Work request: After finding "Tory Burch navy" in a line below, print that line and the rest of the lines exactly, leaving out all pictures.

(Short descriptive text snippets)
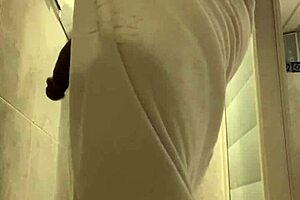 Ebony Guy Shaves in Bathroom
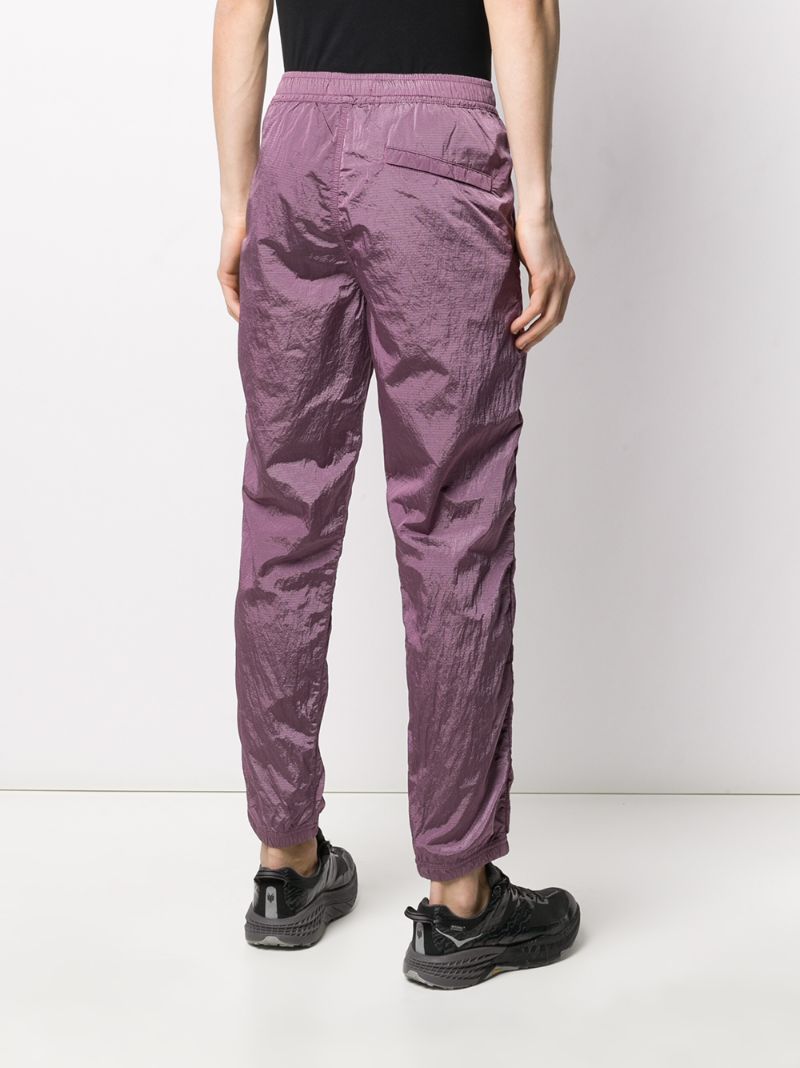 Shop Stone Island Logo Patch Track Trousers In Purple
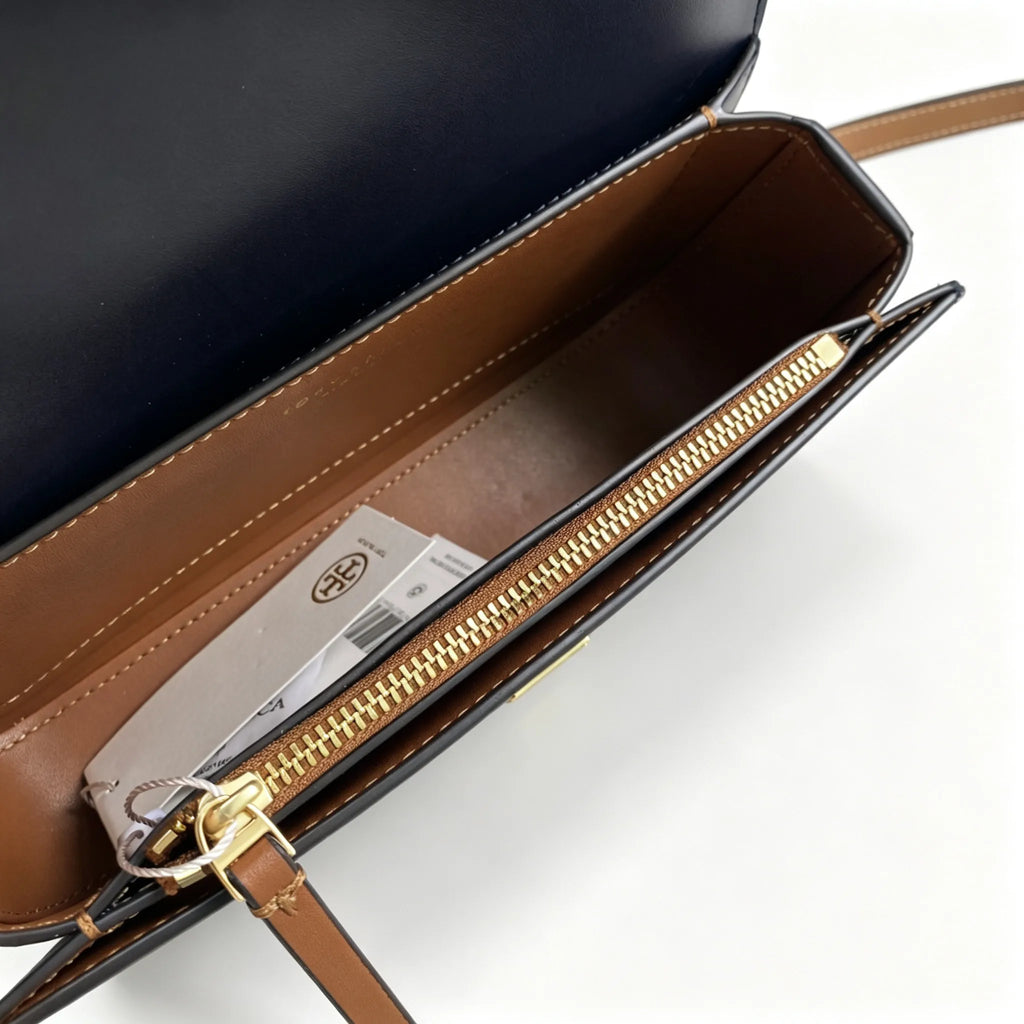 Tory Burch navy and beige Monogram canvas with an adjustable leather shoulder strap convertible into a crossbody or shoulder bag women's style
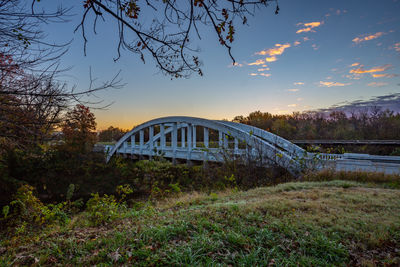 Bridge over river against sky during sunset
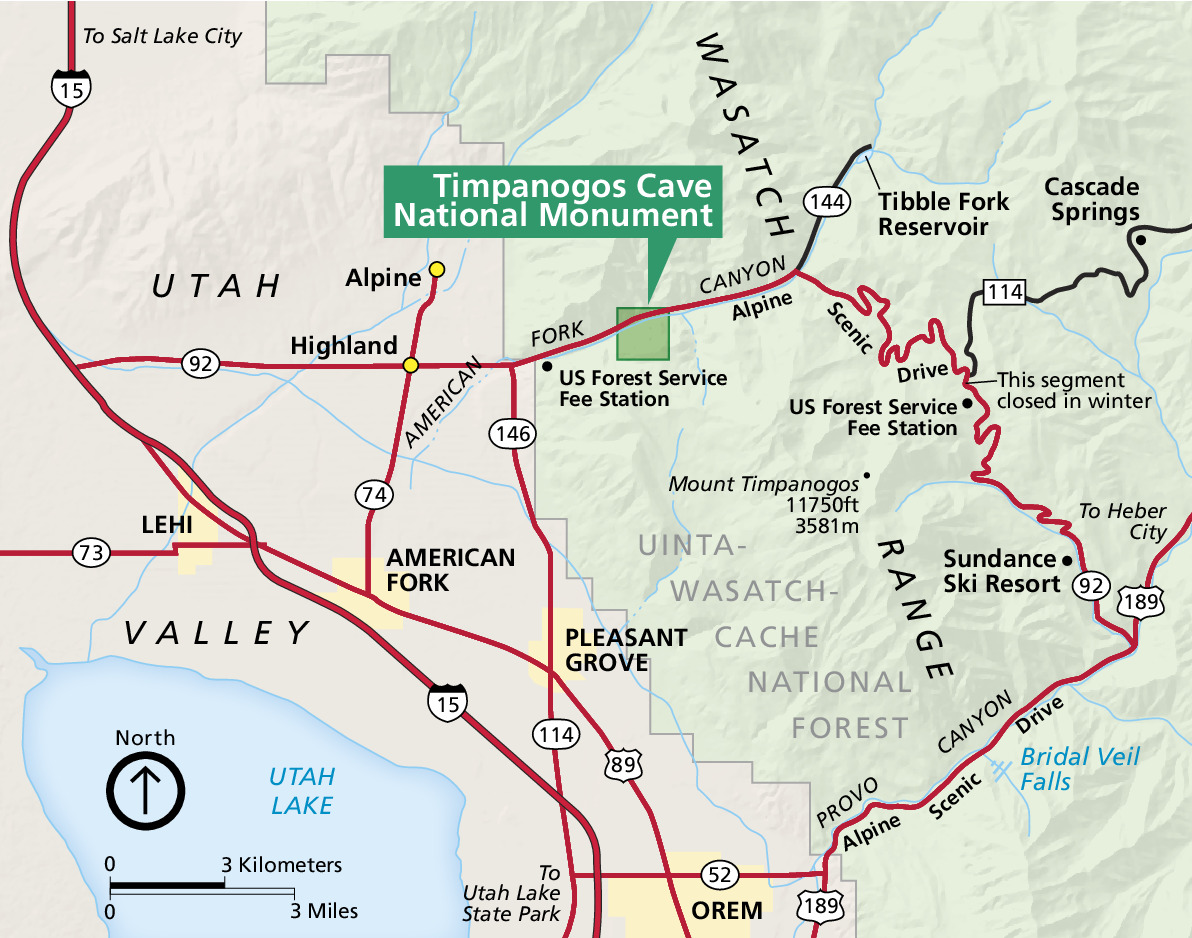 Map of Timpanogos Cave National Monument Utah. The park is a darker green square in the much larger Uinta-Wasatch-Cache National Forest, which is shown in paler green on the right half of the map. Utah Valley is shown in tan to the left, and Utah Lake is represented in blue in the lower corner.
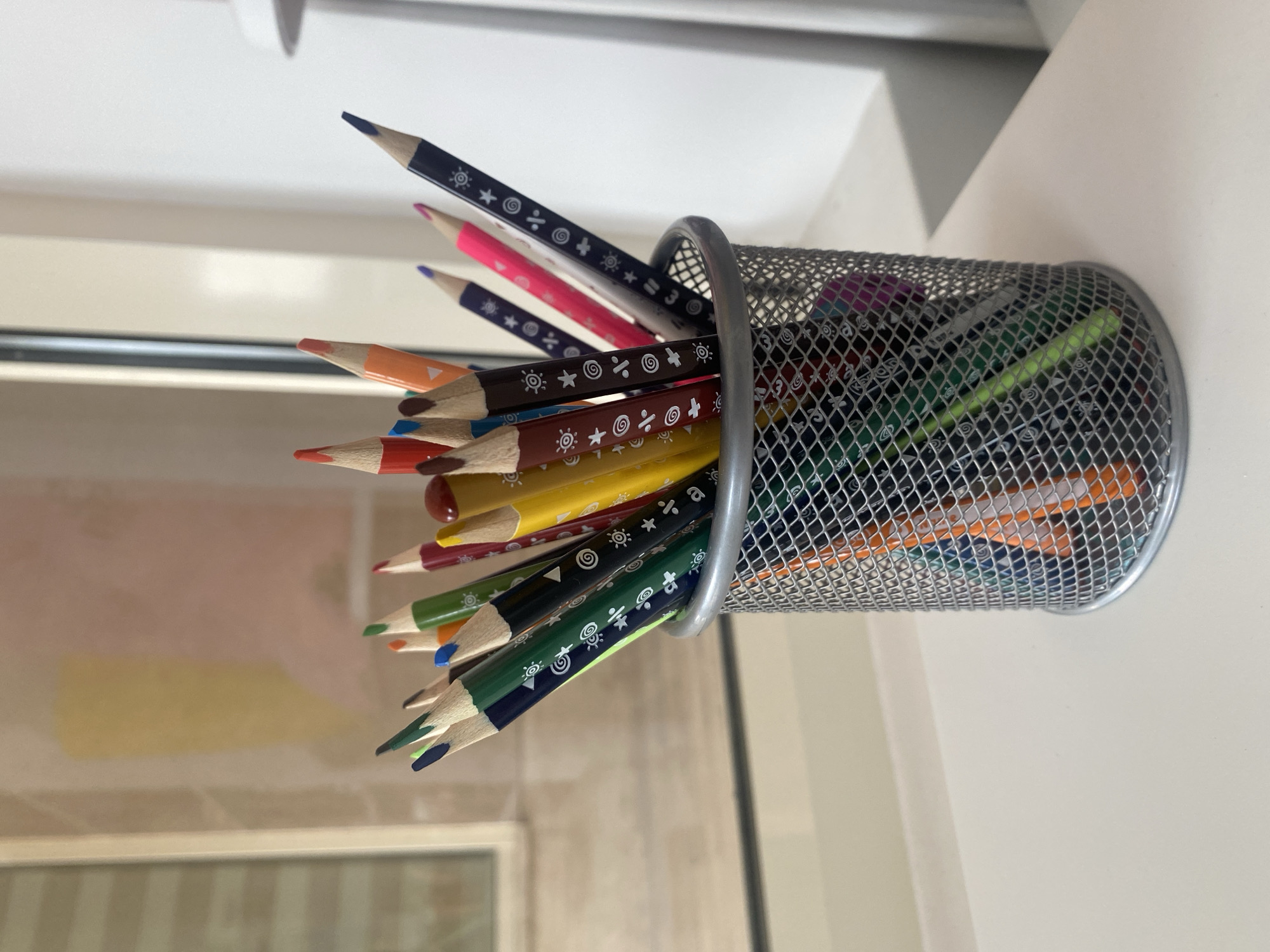 A wire mesh pencil holder, filled with colored pencils, sits on a white surface in an indoor setting. The pencils are arranged haphazardly, extending outwards from the container. The pencil holder is made of a shiny, silver-colored metal and appears to be cylindrical in shape. The pencils vary in color, including shades of blue, pink, orange, brown, yellow, and green, each pencil adorned with a white geometric pattern. The background consists of a white or light-colored wall, with vertical lines that seem to indicate a window frame. The scene is located in an Unknown city.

Exercise response:
 Tory Burch navy and beige Monogram canvas with an adjustable leather shoulder strap convertible into a crossbody or shoulder bag women's style
 Bridge over river against sky during sunset
 Map of Timpanogos Cave National Monument Utah. The park is a darker green square in the much larger Uinta-Wasatch-Cache National Forest, which is shown in paler green on the right half of the map. Utah Valley is shown in tan to the left, and Utah Lake is represented in blue in the lower corner.
 A wire mesh pencil holder, filled with colored pencils, sits on a white surface in an indoor setting. The pencils are arranged haphazardly, extending outwards from the container. The pencil holder is made of a shiny, silver-colored metal and appears to be cylindrical in shape. The pencils vary in color, including shades of blue, pink, orange, brown, yellow, and green, each pencil adorned with a white geometric pattern. The background consists of a white or light-colored wall, with vertical lines that seem to indicate a window frame. The scene is located in an Unknown city.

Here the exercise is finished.